We are seeking a skilled AI Operations Specialist to join our growing ML/AI team. In this contract position, you'll play a central role in transitioning machine learning models from research to reliable, large-scale production systems. Your work will directly support the expansion of AI-driven learning experiences, ensuring performance, scalability, and observability across services.
Key Responsibilities
- Develop and manage CI/CD pipelines tailored for machine learning workflows, enabling seamless model training, packaging, and deployment across microservices.
- Operate and optimize containerized applications on AWS ECS, balancing efficiency, responsiveness, and uptime.
- Automate infrastructure setup and configuration using Terraform to ensure consistent, reproducible environments.
- Support and scale backend services that integrate with external large language model providers.
- Design and maintain data pipelines that extract, transform, and load data from BigQuery, S3, and DynamoDB into training and inference systems.
- Implement monitoring and tracing solutions using Datadog, OpenTelemetry, and Langfuse to track model behavior and define service-level objectives.
- Partner with machine learning engineers to deploy models using BentoML and FastAPI in containerized production environments.
Required Expertise
- 2–3 years of experience in ML operations, with a foundation of 3–4 years in DevOps, CloudOps, or site reliability engineering.
- Strong programming skills in Python, with hands-on experience in Docker and container orchestration.
- Proven track record building CI/CD systems for machine learning in enterprise settings.
- Familiarity with Infrastructure as Code, particularly Terraform.
- Experience working with AWS services including ECS, ECR, S3, DynamoDB, and CloudWatch, as well as GCP tools like BigQuery and Vertex AI.
- Direct experience integrating and monitoring LLMs using OpenAI API, Google GenAI, and tracing tools like Langfuse.
- Background in constructing and maintaining data pipelines for model training and feature engineering.
- Understanding of the full ML lifecycle, including training, evaluation, experiment tracking (e.g., MLFlow, Weights & Biases), and model version control.

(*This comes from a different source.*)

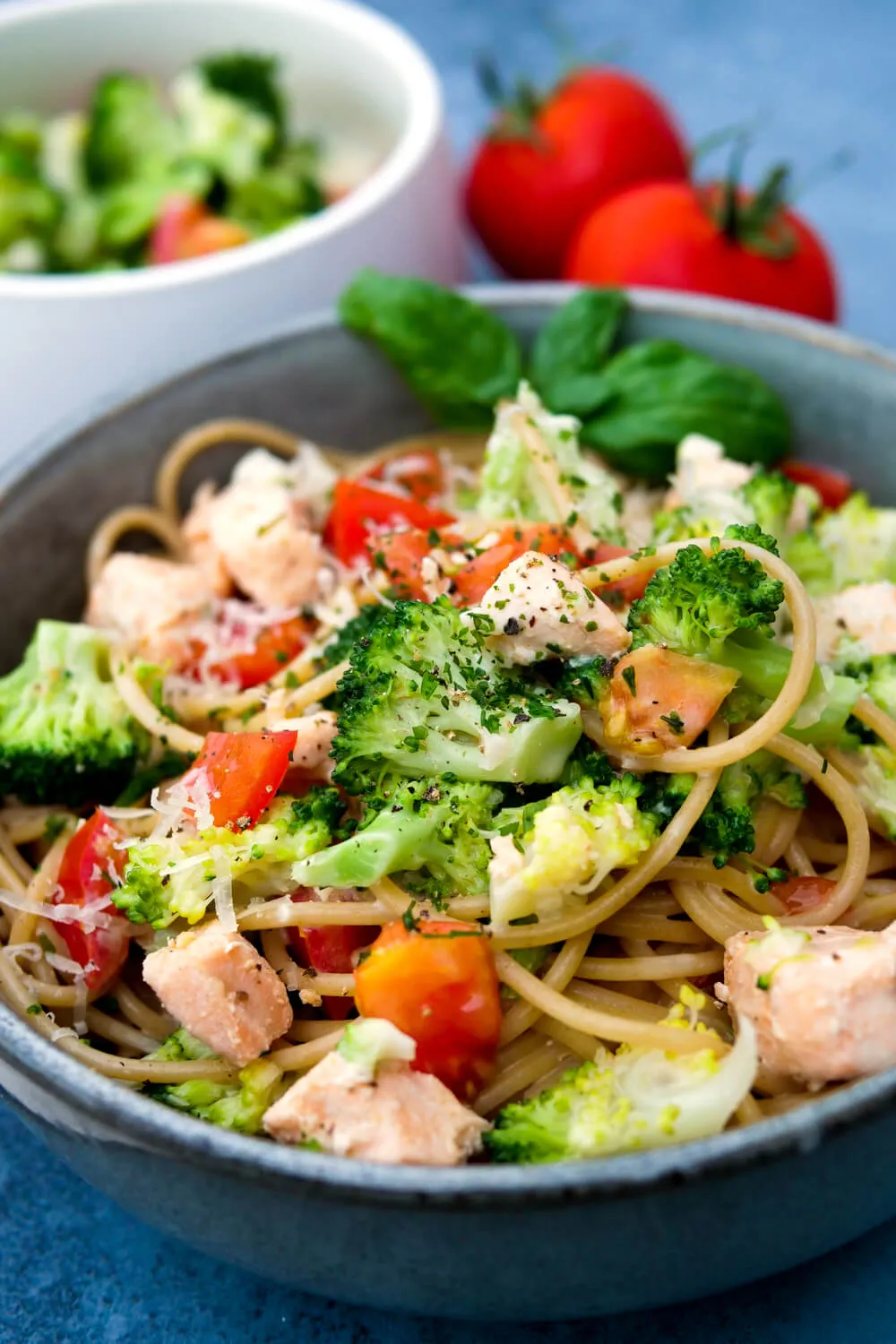 Nudeln mit Lachs, Brokkoli, Tomaten und Basilikum in cremiger Sauce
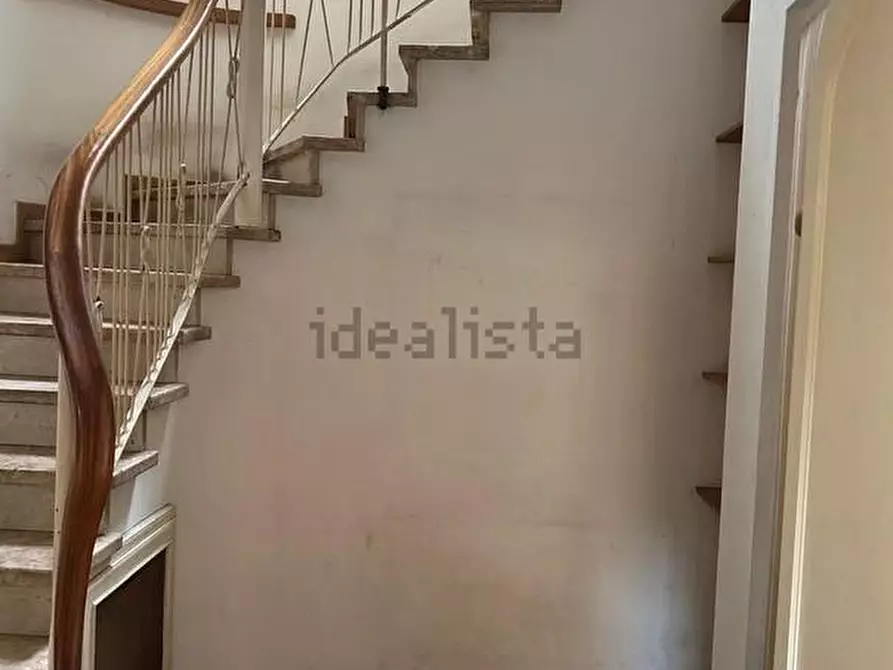 Immagine 5 di Villa in vendita  a Viareggio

- Ability to detect and respond to model drift over time.
- Exposure to NLP frameworks such as Hugging Face Transformers, spaCy, or sentence-transformers.
- Knowledge of vector databases like LanceDB or FAISS and embedding-based retrieval systems.
- Experience deploying deep learning models built with TensorFlow or PyTorch in production environments.
- Familiarity with classical ML libraries including scikit-learn, XGBoost, and LightGBM, along with explainability tools such as SHAP.
- Working knowledge of model serving platforms like BentoML and async Python web frameworks such as FastAPI.